The city of Nashville plans to hold a vigil Wednesday night "to mourn and honor the precious lives lost at The Covenant School," a flyer for the event shared by Mayor John Cooper said.
Here's what we know so far:
The victims: The victims of the shooting include Evelyn Dieckhaus, 9; Mike Hill, 61; Katherine Koonce, 60; Cynthia Peak, 61; Hallie Scruggs, 9; and William Kinney, 9. Authorities believe the six victims were targeted randomly. President Joe Biden has not yet spoken to any of the families of the victims, but said he is "working on that now."
What happened: Monday's shooting unfolded over about 14 minutes, according to police, and spanned two floors of the school. Police first received a call about an active shooter inside Covenant school at 10:13 a.m. local time, police spokesperson Don Aaron said, and rushed to the scene. The first five responding officers heard gunfire coming from the second floor. They went upstairs and confronted the shooter, who “had been firing through a window at arriving police cars,” police said in a news release. Two officers then opened fire, killing the shooter at 10:27 a.m. local time, Aaron said. Here's a full timeline of how the shooting went down.

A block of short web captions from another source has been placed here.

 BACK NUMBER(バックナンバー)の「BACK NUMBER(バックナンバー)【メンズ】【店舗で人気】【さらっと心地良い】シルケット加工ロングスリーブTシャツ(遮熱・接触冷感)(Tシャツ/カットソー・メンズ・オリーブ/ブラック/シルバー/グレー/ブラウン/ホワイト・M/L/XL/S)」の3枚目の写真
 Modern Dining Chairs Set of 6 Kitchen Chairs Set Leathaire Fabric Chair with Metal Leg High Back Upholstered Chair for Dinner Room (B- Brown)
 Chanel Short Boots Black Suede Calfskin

The shooter: Audrey Hale, 28, was under care for an "emotional disorder," according to Metro Nashville Police Chief John Drake. He said Tuesday that Hale, who was a former student of the Covenant School, purchased at least seven guns legally and locally. Investigators have yet to determine a motive, but believe the school itself was targeted.
Gun reform: Biden suggested Tuesday that any future action on gun violence will fall to Congress, as he said he has exhausted all executive actions. In wake of the shooting, he reiterated his call for Congress to pass an assault weapons ban Tuesday and said there is a "moral price to pay for inaction." According to three senior administration officials, White House officials are not currently planning a major new push around gun safety reform.

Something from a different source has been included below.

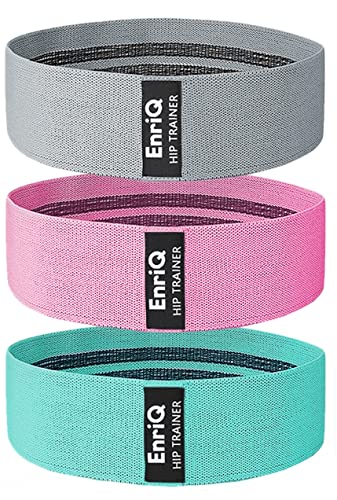 EnriQ Booty Bands Fabric Resistance Bands for Legs and Butt - Non Slip Cloth Hip Bands Elastic Workout Bands - Activate Glutes and Thighs - Made of Premium Elastic Fabric (Grey, Pink, Pale Turquoise)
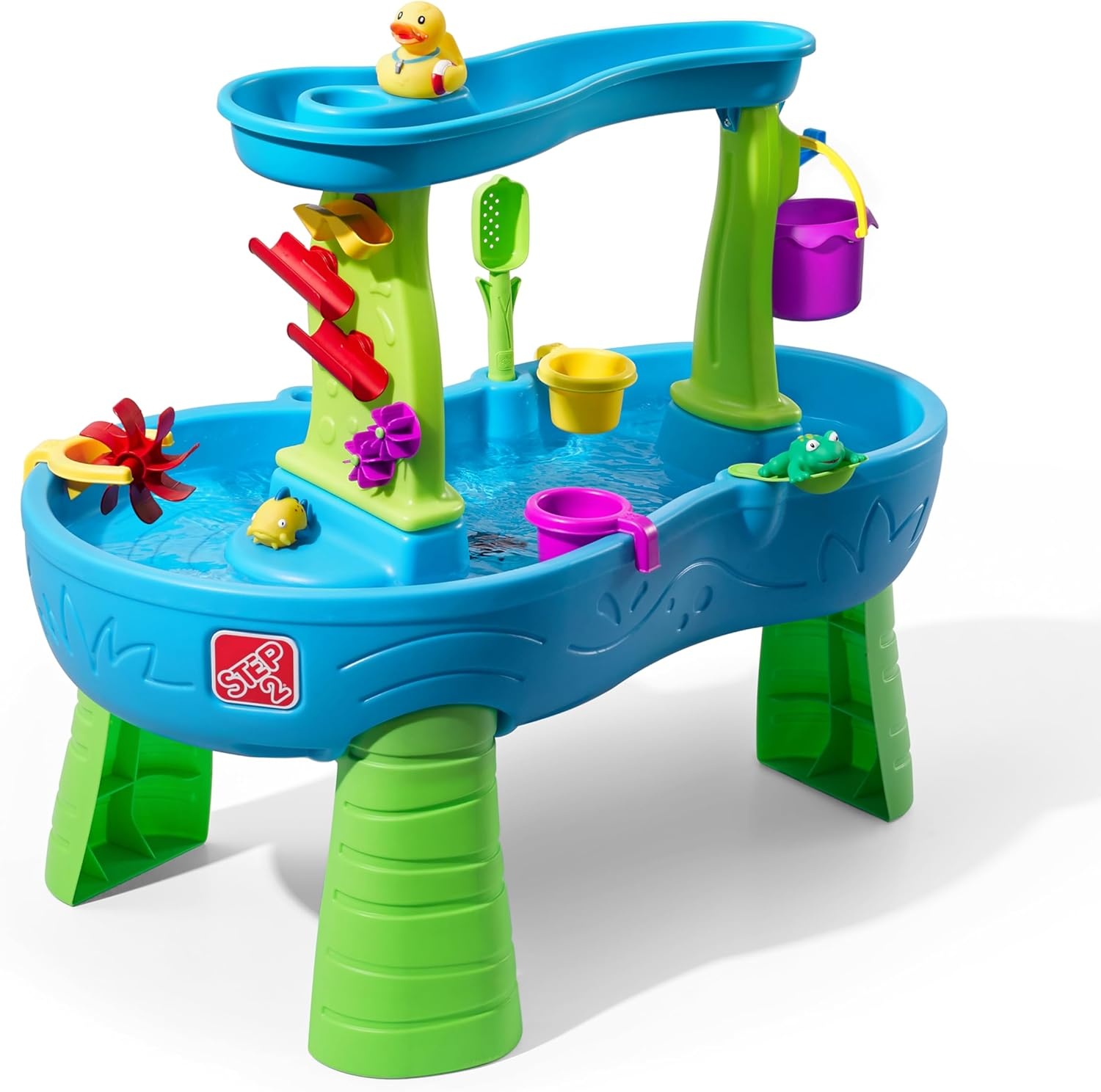 Step2 Tropical Rainforest Water Table for Kids, Toddler Outdoor Sensory Play Table, 13 Accessories, Ages 18 Months+(Rain Showers Splash Pond with Cover)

Grim statistics: Monday's shooting is the deadliest school shooting since the the attack in Uvalde, Texas last May. There have been at least 130 mass shootings in 2023, according to data from the Gun Violence Archive, including Monday's deadly shooting. There have been more shootings at this point in 2023 than in any previous year since at least 2013. The US is the only developed country where mass shootings have happened every single year for the past 20 years, according to Jason R. Silva, an assistant professor of sociology and criminal justice at William Paterson University.

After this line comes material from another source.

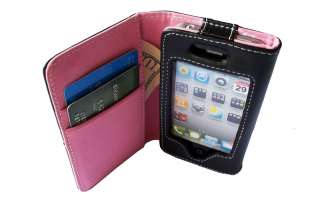 PINK iPhone4 PU Leather Wallet Case 833825000166  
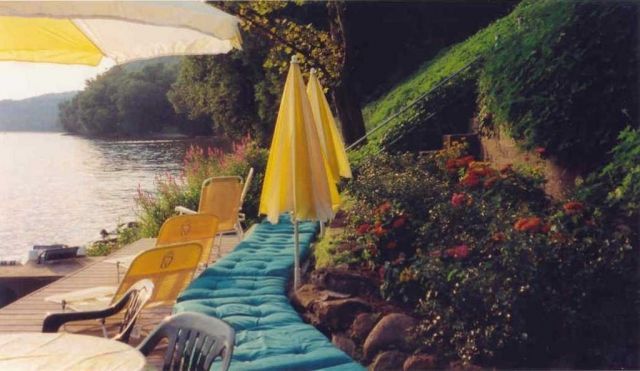 A row of chairs and umbrellas are sitting next to a body of water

Nashville to hold vigil Wednesday night for shooting victims
From CNN’s Jamiel Lynch
The city of Nashville is planning a vigil on Wednesday night, according to a tweet from Nashville Mayor John Cooper.
“Join us for a citywide candle vigil to mourn and honor the precious lives lost at The Covenant School,” a flyer for the event says.
It will take place at One Public Square park at 5:30 p.m. local time.
The city has also set up a fund to help support the survivors of the shooting, the mayor said.
“It is important that we stand together on this dark day for Nashville,” he tweeted.
Governor says Tennessee first lady was close friend of woman killed in school shooting
From CNN’s Jamiel Lynch
Tennessee first lady Maria Lee was close friends with one of the people killed in the shooting at the Covenant School on Monday, Gov. Bill Lee said.
Gov. Lee, speaking in a video statement Tuesday, talked about the close relationship his wife had with Cynthia Peak.
Peak was supposed to come over to Lee’s home Monday evening to have dinner with the first lady after filling in as a substitute teacher at Covenant, he said.
“Maria woke up this morning without one of her best friends," Lee said. “Cindy and Maria and Katherine Koonce were all teachers at the same school and have been family friends for decades,” he added.
Koonce, the head of the school, was also killed in the shooting.
“All of Tennessee was hurt yesterday,” Lee said.
The governor said things need to change and that there is more work to do.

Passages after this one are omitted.